Several small GTPases have been reported to mediate podosome formation in different cell types.19, 28, 36, 37
Our data show that Rac1, RhoA and CDC42 are involved in EC podosome formation in response to VEGF (), but Rac1 had the greatest effect (). It is possible that the prominent role for Rac1 depends on PLCγ-mediated calcium dependent events, because PLCγ has been reported to regulate cell spreading by increasing intracellular calcium.38
Specifically, calcium-activated proteases, calpains, associate with βPIX, and cleavage of βPIX by calpains is an early event required for Rac activation in some cellular systems.39
Therefore, GIT1 may act as a scaffold to link PLCγ with βPIX, which is small GTPase GEF. The role of PLCγ in the complex could be to increase local calcium concentration which causes calpain activation and subsequent Rac1 stimulation by the GEF function of βPIX.40
PIX has been shown to play a central role in podosome formation, dependent in part, on its GEF activity.41
A PIX-PAK complex was shown to function both upstream and downstream of small GTPases and generate localized feedback loops that could regulate podosome formation.41-43
Our lab previously showed that GIT1 interacted with MEK1 directly, and acted as a scaffold to mediate ERK1/2 activation in focal adhesions.13
Recently, a MEK1 - ERK1/2 - caldesmon signaling cascade was shown to regulate PKC-mediated podosome dynamics in A7r5 cells.44
Based on these data we suggest that GIT1 serves as a scaffold to facilitate the localization and activation of PLCγ, small GTPases, PIX and ERK1/2, thereby promoting podosome formation.

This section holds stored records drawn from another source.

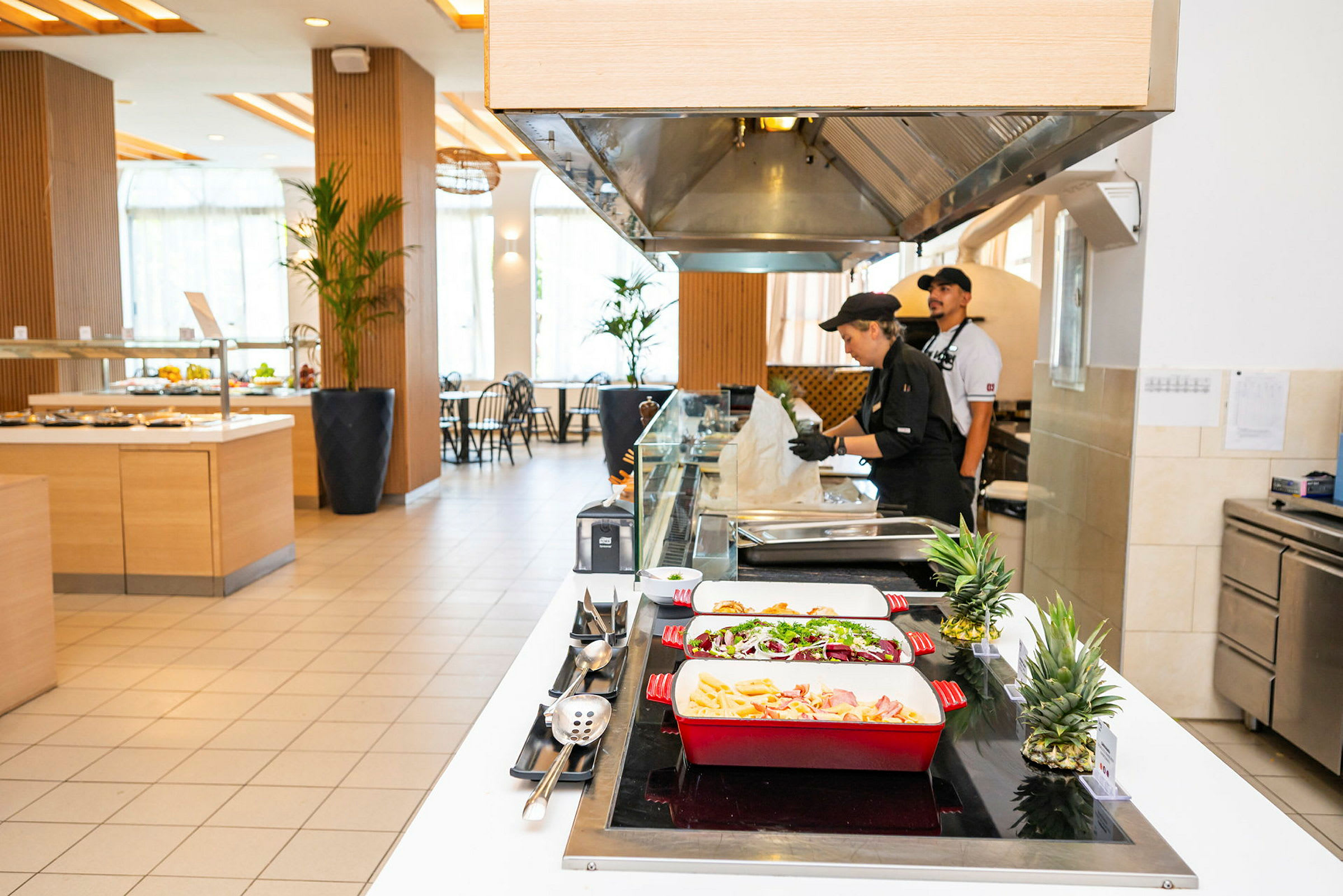 Bufféområde med mat upplagd i färgglada serveringsfat och kökspersonal vid arbetsstation. (AI-genererad text)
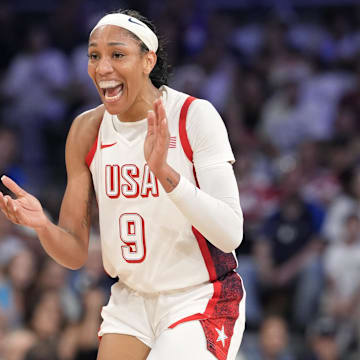 Jul 29, 2024; Villeneuve-d'Ascq, France; United States forward A'Ja Wilson (9) celebrates during the first half against Japan during the Paris 2024 Olympic Summer Games at Stade Pierre-Mauroy. Mandatory Credit: John David Mercer-Imagn Images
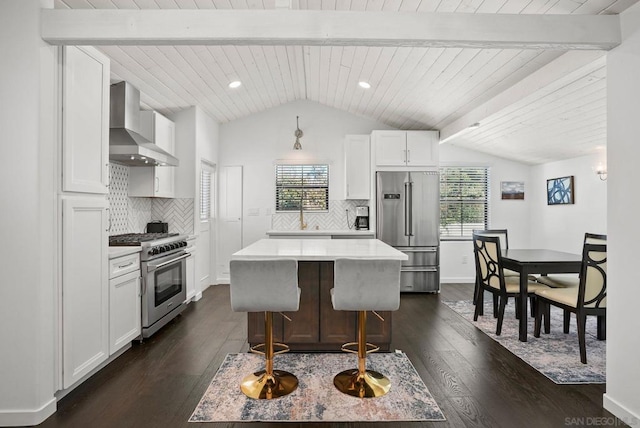 kitchen featuring a kitchen island, white cabinets, high end appliances, and wall chimney range hood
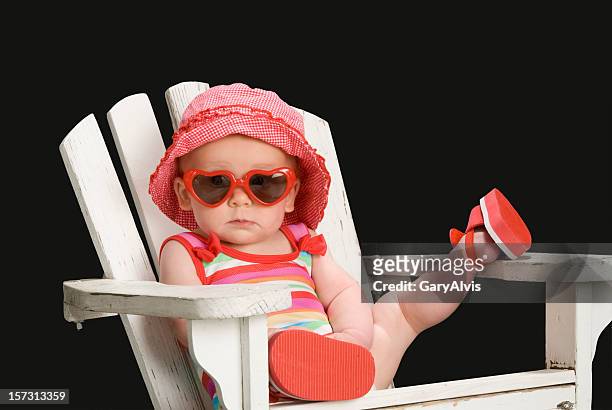 toddler girl in adirondack chair w/leg up,sunglasses on-total relaxation - adirondack chair closeup stock pictures, royalty-free photos & images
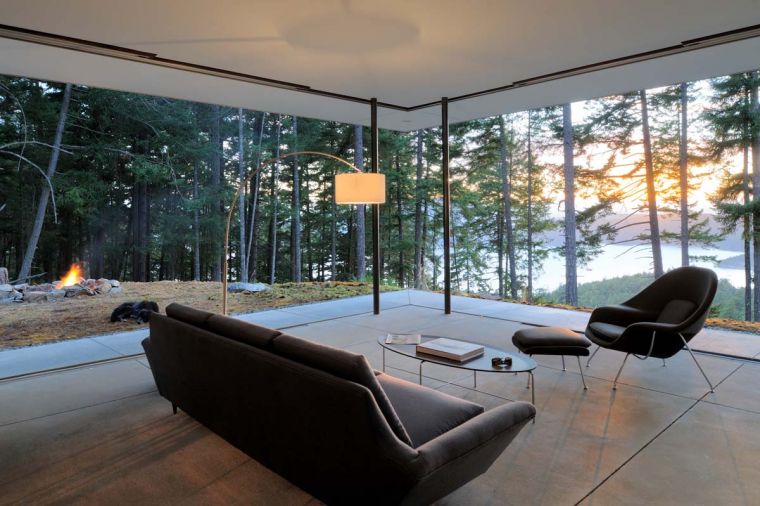 When the multi-panel sliding doors are stacked to either side of the living area, an unobstructed view opens to the San Juan and Canadian Gulf Islands to the West. Heated concrete floors can be activated from online when headed home from out of town. A pair of slim steel poles hold up the ten foot ceilings in the living area without compromising the view.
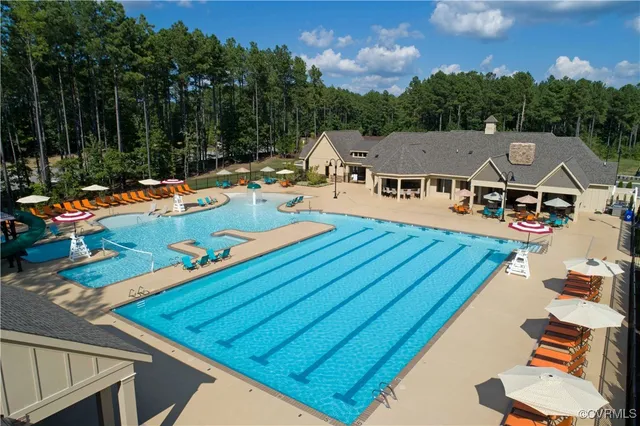 an aerial view of a house with swimming pool patio and mountain view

Besides podosomes, filopodia and lamellipodia are also important structures for endothelial cell migration and angiogenesis.45
Recently, bone morphogenetic protein-6 was shown to be a potent stimulator of angiogenesis by regulating filopodial assembly in endothelial tip cells.46
Specifically these authors found that myosin-X translocated into filopodia, stimulated filopodial motility, and increased EC migration and angiogenesis.46
GIT1 may also regulate lamellipodia and filopodia formation by mediating Rac activation due to the Arf-GAP activity of GIT1.47
Our data demonstrate that GIT1 is essential for podosome formation by mediating PLCγ activation. These data suggest that GIT1 may be involved in functions of several macromolecular structures that regulate EC migration and angiogenesis.
In summary, we showed that a c-Src - GIT1 - PLCγ signaling pathway is required for VEGF-mediated podosome formation and cell migration. Because podosomes play an important role in cell invasion and migration, these findings suggest a novel function for GIT1 in EC as a mediator of angiogenesis and tissue remodeling.